What happens before the heirs of two family fortunes join together in holy matrimony? A pre-nuptial agreement, oftentimes!
The Daily Mail reported on the prenup last week, noting that Brooklyn’s parents, athlete David Beckham and fashion mogul Victoria Beckham, have a net worth of £380 million (about $495 million USD). But Nicola’s father, financier Nelson Peltz, has an estimated fortune of £1.3 billion (about $1.7 billion USD).
Adam Citron, a partner at Davidoff Hutcher & Citron at Davidoff Hutcher & Citron LLP, tells Distractify it’s “extremely common” for wealthy families to sign a prenup.
Lawyers advise their high-wealth clients to get prenups, even when it’s family money at stake.
“Most ultra-wealthy people have lawyers with whom they regularly work, and given the amount of money at stake, [they] are likely to advise their clients to get prenuptial agreements as a matter of course,” Citron adds.
And issues can arise even when it’s family money and not the couple’s money in question, Citron says. “For example, a court will look at the lifestyle of a marriage in determining support and may input income to a party if it is determined that throughout the marriage, family funds were used on a regular and consistent basis to support the lifestyle of the marriage.”
“Another example would be if the marital residence was purchased with separate property of one party. Without a prenuptial agreement, it would be very difficult to remove a spouse from that residence. However, with a prenuptial agreement, that issue can be dealt with and agreed upon. Pre-nuptial agreements outline exactly what is separate property and what is marital property. It sets a clear path and distinction.”
Brooklyn and Nicola’s reported prenup presumably protects their “individual, pre-marital separate property.”
In the specific instance of these newlyweds — Brooklyn, a photographer, and aspiring chef, and Nicola, an actress known for her roles in Bates Motel and the Transformers franchise — Citron says she would expect that “both parties waived maintenance and that their separate property would remain their separate property.”
“Presumably, the prenuptial agreement has gone to great lengths to protect their individual, pre-marital separate property,” he adds.
Any earnings after the wedding would be split evenly by default, unless the prenup specified otherwise.

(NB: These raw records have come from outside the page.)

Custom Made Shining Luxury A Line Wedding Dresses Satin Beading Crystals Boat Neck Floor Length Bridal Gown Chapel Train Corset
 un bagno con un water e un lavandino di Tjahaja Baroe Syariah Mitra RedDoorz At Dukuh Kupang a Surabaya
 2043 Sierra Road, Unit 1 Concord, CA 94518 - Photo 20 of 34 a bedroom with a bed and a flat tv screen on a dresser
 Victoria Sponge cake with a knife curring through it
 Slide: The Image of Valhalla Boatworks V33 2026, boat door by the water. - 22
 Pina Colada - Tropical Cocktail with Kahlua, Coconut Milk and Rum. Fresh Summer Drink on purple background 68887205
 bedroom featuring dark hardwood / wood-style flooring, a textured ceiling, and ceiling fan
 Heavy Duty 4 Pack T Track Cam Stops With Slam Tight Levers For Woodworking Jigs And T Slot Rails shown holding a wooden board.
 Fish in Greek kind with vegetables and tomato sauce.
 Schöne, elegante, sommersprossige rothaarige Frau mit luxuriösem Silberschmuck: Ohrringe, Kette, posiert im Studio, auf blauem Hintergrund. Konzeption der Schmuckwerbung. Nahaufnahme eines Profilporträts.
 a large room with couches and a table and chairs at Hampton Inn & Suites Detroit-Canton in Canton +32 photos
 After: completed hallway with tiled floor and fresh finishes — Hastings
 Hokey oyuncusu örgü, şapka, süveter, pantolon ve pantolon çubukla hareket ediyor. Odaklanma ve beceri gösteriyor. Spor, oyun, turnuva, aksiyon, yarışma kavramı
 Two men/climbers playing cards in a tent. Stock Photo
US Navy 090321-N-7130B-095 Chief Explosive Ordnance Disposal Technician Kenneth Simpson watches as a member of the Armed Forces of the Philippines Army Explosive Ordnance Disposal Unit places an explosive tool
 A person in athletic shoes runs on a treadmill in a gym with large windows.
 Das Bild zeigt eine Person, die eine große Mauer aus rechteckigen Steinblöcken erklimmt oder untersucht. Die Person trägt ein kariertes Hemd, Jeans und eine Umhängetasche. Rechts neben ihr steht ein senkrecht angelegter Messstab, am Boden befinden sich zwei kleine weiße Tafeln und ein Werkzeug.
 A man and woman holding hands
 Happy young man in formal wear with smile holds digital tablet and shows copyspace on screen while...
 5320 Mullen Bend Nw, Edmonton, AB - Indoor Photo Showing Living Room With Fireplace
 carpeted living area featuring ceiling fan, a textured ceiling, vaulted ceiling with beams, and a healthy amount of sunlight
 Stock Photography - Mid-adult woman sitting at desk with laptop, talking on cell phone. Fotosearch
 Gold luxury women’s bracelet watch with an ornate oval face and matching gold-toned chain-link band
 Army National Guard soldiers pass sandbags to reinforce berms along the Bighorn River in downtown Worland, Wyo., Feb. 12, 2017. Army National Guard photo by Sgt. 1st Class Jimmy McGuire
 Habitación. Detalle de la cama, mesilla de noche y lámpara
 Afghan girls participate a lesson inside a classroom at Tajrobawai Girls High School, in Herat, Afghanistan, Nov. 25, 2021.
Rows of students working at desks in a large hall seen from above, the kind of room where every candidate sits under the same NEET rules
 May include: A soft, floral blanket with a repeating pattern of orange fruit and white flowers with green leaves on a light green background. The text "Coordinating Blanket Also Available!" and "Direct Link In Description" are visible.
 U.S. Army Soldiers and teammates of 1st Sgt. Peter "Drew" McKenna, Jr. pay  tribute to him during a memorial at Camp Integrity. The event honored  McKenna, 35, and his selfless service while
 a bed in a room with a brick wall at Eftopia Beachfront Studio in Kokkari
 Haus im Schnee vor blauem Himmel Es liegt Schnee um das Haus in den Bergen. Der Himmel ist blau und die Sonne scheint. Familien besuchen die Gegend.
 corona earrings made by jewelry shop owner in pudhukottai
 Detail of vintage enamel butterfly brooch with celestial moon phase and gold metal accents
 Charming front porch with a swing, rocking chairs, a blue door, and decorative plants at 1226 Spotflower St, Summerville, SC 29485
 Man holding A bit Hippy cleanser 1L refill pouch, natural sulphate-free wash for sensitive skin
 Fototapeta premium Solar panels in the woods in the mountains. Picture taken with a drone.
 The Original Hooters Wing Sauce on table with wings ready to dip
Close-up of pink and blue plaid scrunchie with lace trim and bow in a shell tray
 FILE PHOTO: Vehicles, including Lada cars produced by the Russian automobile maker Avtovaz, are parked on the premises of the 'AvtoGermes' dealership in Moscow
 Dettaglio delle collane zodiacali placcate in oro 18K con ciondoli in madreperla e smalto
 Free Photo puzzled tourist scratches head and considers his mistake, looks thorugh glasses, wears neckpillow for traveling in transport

And if Brooklyn and Nicolas’ happily-ever-after doesn’t last ever after, their post-marital earnings would be split evenly “as a default,” the lawyer explains. “However, the parties may have agreed otherwise in the pre-nuptial agreement. It depends on what was negotiated in the prenuptial agreement as to income earned and assets acquired during the marriage.”
Any prenup for the couple would likely handle passive and active appreciation on assets Brooklyn and Nicole owned before tying the knot, Citron explains. “Active appreciation is where a party actively engages in an activity causing or assisting in the appreciation. That appreciation is considered marital. Passive appreciation is appreciation based solely on market forces, which will remain separate if the asset was separate, pre-marital property.”
Citron also points out that a post-nuptial agreement can change the terms of the prenup. “But that post-nuptial agreement may not be considered valid if it lacks the proper consideration,” he says. “It is best to have a well-drafted pre-nuptial agreement that deals with and contemplates various circumstances which may arise during a marriage.”